Necesitamos una cura de adelgazamiento
Por
Miguel Esparza Fernández
"En aquel tiempo, Jesús, de camino hacia Jerusalén, recorría ciudades y aldeas enseñando. Uno le preguntó: Señor, ¿serán muchos los que se salven? Jesús les dijo: Esforzaos en entrar por la puerta estrecha,. Os digo que muchos intentarán entrar y no podrán. Cuando el amo de la casa se levante y cierre la puerta, os quedaréis fuera y llamaréis a la puerta diciendo: "Señor, ábrenos", y él os replicará: "No sé quiénes sois". Entonces, comenzaréis a decir: "Hemos comido y bebido contigo y tú has enseñado en nuestras plazas". Pero él os replicará: "No sé quiénes sois"...(Lc 13,22-30)
Nuestra educación y las condiciones en que nos movemos, dificultan la comprensión del mensaje evangélico cuando este nos pone delante de las exigencias que comporta. Nos pasa como a aquellos que, al oír a Jesús, en cierta ocasión, reaccionaron tachando de duras sus palabras, y hasta de inaceptables. "Duro es este mensaje, ¿quién puede aceptarlo?" Otras veces, también nosotros nos alejamos de Jesús por no estar dispuestos a seguir su mensaje exigente. Como el joven que "se alejó, porque era muy rico". O, como les sucedió a los mismos apóstoles, continuamos junto a Jesús, pero sin captar del todo su mensaje, y, por consiguiente, sin llevarlo a la práctica con todas sus consecuencias. "¿Tanto tiempo con vosotros y aún no me conoces?"
No sé en cuál de esos grupos te encontrarás tú. Ni sé cuál es tu reacción al leer las palabras que hoy nos propone Jesús en el Evangelio: "Esforzaos por entrar por la puerta estrecha". Déjame que suponga que, al menos, tienes interés por descubrir el significado de esta invitación. Dicho muy sencillamente, Jesús nos está diciendo que existe una única manera de identificarse con Él y de participar de su salvación. Y esa manera es "estrecha". O sea, no fácil. Es decir, exigente. O, lo que es lo mismo, equivalente a una actitud de esfuerzo, de lucha, de trabajo serio.
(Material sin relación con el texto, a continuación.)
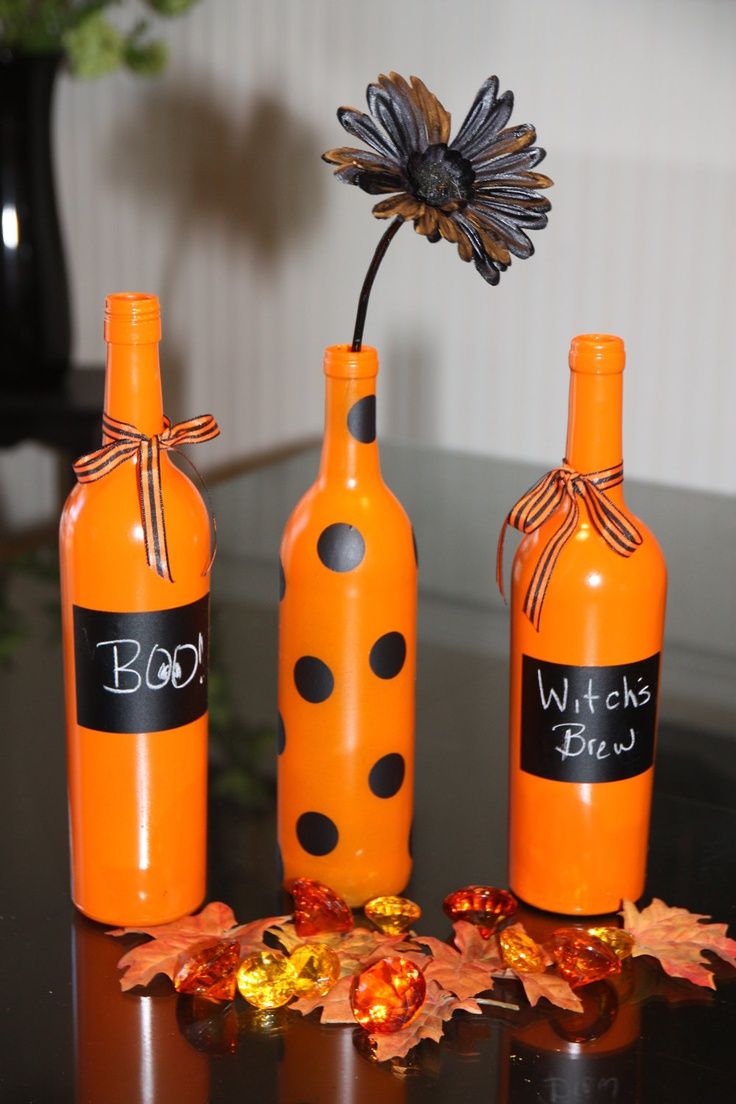 Halloween Wine Bottle Decor. $24.00, via Etsy.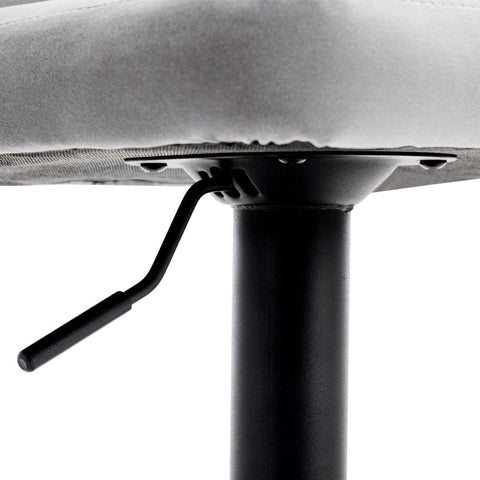 Rootz Set of 2 Velvet Bar Chairs - Bistro Stools - Ergonomic Seating - 360° Rotatable - 56cm x 41cm x 88-108cm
Nadie puede llegar a Jesús y aceptar su propuesta de vida sin que se tome en serio las cosas. Y Jesús no habla de modificar la puerta. Esta es como es y así va a seguir siendo. Lo que tiene que cambiar, si es necesario, es nuestro volumen. Es decir, no está nuestro trabajo en tratar de agrandar la puerta, sino en procurar achicarnos a nosotros mismos. Sin duda, este es el mensaje: nos sobra mucho. Y hemos de procurar eliminarlo de cada una de nuestras vidas. Nos sobra orgullo, nos sobra comodidad, nos sobra envidia, nos sobra avaricia, nos sobra sensualidad... tantas cosas. Mientras no las eliminemos, no cabremos por la puerta y no podremos pasar por ella.
Cuanto más pequeños seamos, mejor pasaremos por la puerta de la salvación. Se nos insiste aquí en un tema muy querido por el Evangelio: el Reino de Dios es para los pequeños. Porque no tienen los adherencias que se nos han pegado, con el tiempo, a los mayores. Y porque, por eso mismo, no se apoyan en sí mismos, sino que son capaces (porque lo necesitan) de buscar la seguridad en los otros. Sólo el pequeño necesita de su padre. Sólo el pequeño agradece lo que se le regala. Sólo el pequeño confía alegre en el que es mayor que él. Sólo el pequeño se abre gozoso a la salvación que le viene de Dios. Sólo el pequeño sabe que no tiene en sí mismo la explicación y la seguridad de su vida.
Pidamos al Señor que nos haga pequeños, necesitados... y que sepamos luchar por prescindir de todo aquello que nos sobra.